Yes, a May/December attraction sparks, but the connection is so casual, so kindred, so authentic, and based on souls connecting rather than fleeting desperate loneliness, that it actually works. There’s no BS or pretense involved, just genuine good humor, and you buy it – especially since the portrayal is smart enough to confront the fact that there’s a creepy element to it as well.
It all comes from a real place, tenderly and truthfully done, while also serving as a catalyst that helps get to the core of Lee’s existential crisis, his regrets, and the need to face them.
This familiar struggle, seen portrayed many times before, is made singular by how Elliott and Haley flesh Lee out. He’s a man with a hardworking ethos, someone who still feels vital in his twilight. Other movies would look at a similar figure with sympathetic eyes but see him as someone who’s afraid to accept his new reality, that his time has past, or that time has past him. But here, Lee sees himself correctly; it’s the vapid world that has lost sight of something.
Brett Haley, a relatively young filmmaker, has carved out an unexpected path for himself of late: crafting portraits of people in life’s last act. His previous movie, I’ll See You In My Dreams, was a similar showcase for actress Blythe Danner, written specifically for her. Elliott co-starred in that immensely endearing film as Danner’s love interest, and now Haley has in turn written one for him.
It, too, creates some really sweet moments of tenderness and grace, and does it all with a deft touch that lets even things like the reading of poetry not be saccharine or hackneyed but, well, actually poetic.
But it’s not just what Haley has provided Elliott on the page; it’s also what he allows Elliott time for on the screen. Some of the film’s best, most illuminating moments are lengthy close-ups of Elliott in which not a single word is spoken. Haley just rests on those shots, lingering, letting Elliott reveal Lee’s melancholy, his pain, his sorrow, by staying on Lee as he contemplates those burdens, and feels them.
Of course Elliott’s also great with words, too, and not just because he can make them sound good. An audition scene in the film’s second half, in which Lee reads for a part that cuts too close to the bone, is an absolute heartbreaker. It’s more than just “the Oscar clip”; it’s the kind of rare, special soul bearing moment that makes you wonder just how autobiographical it really is.
I don’t know, Elliott may be at complete and total peace in his personal life, but what he pours out in this scene makes it seem like he needed that release for himself.

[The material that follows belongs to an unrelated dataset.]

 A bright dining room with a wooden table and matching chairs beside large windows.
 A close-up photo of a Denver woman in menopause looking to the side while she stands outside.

Haley’s original title for this movie was Iceberg, to serve as a metaphor for a character who had much more going on beneath the surface than what others could only see above it. That idea is even spelled out at one point, which would’ve made the title too on-the-nose.

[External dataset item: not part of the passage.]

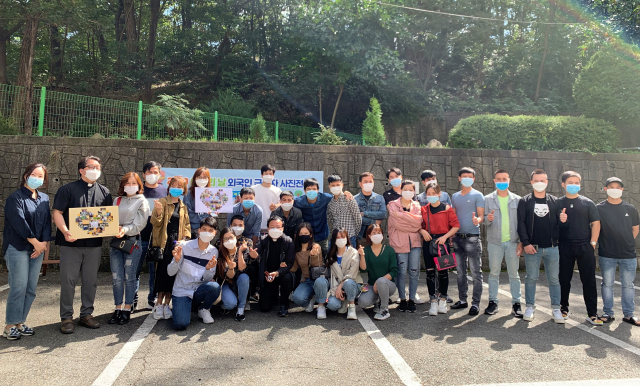 구미가톨릭문화센터에서 구미지역 외국인 근로자들이 사진전을 하며 기념촬영을 하고 있다. 구미가톨릭문화센터 제공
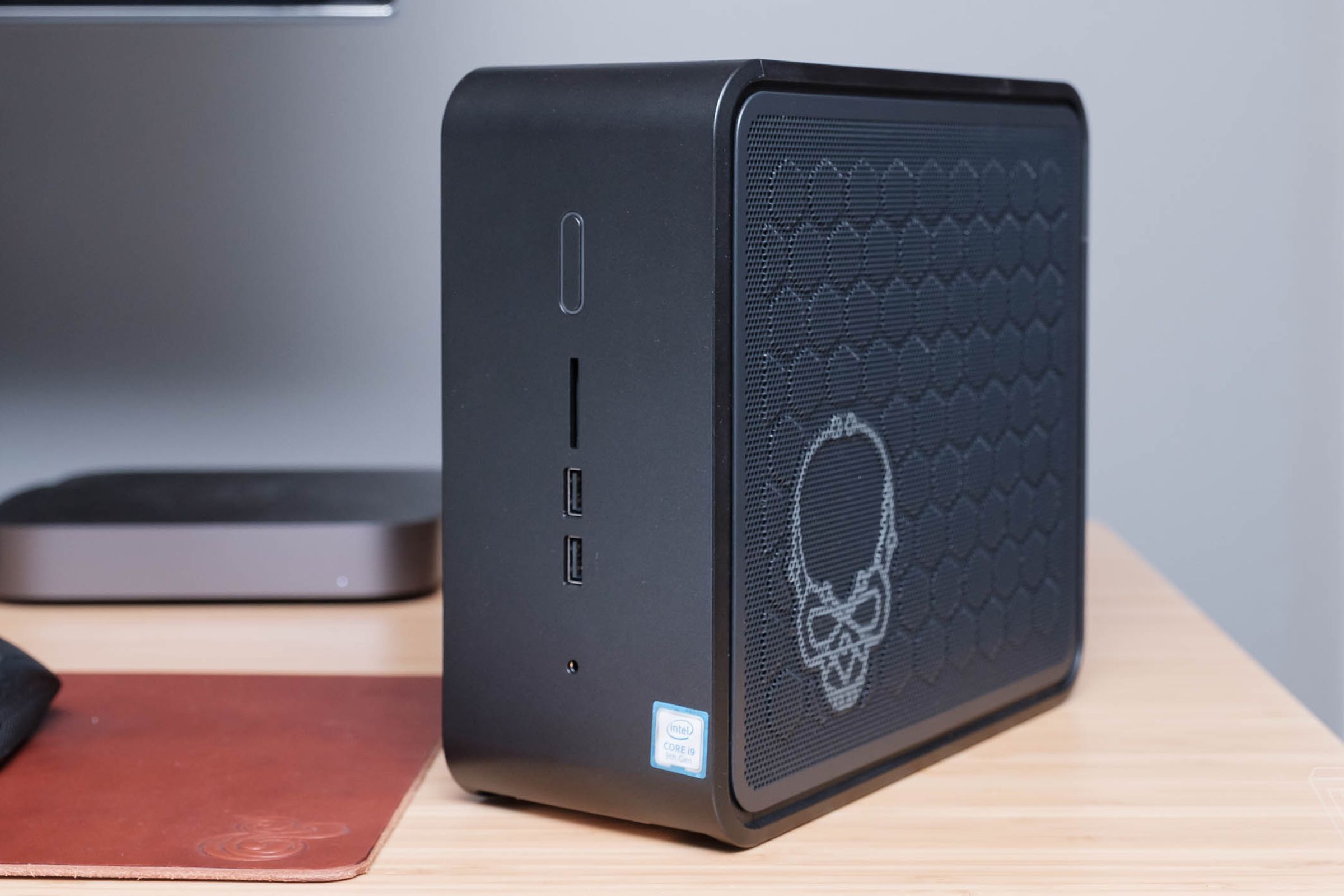 Intel NUC 9 computer standing vertically on a wood desk with a skull etched on the side and a gray Mac Mini in the background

The Hero is a better one, particularly for this character, one who blanches at the notion of being labeled a hero – even though that’s exactly what he’s famous for – because he knows all-too-well that he’s far from it. The title, then, becomes appropriately two-fold: accurate, and ironic.
That’s the beauty of how the label is used here, and its a complex truth that Lee fails to appreciate: people need heroes, especially ones that are flawed, and who are brave enough to confess it.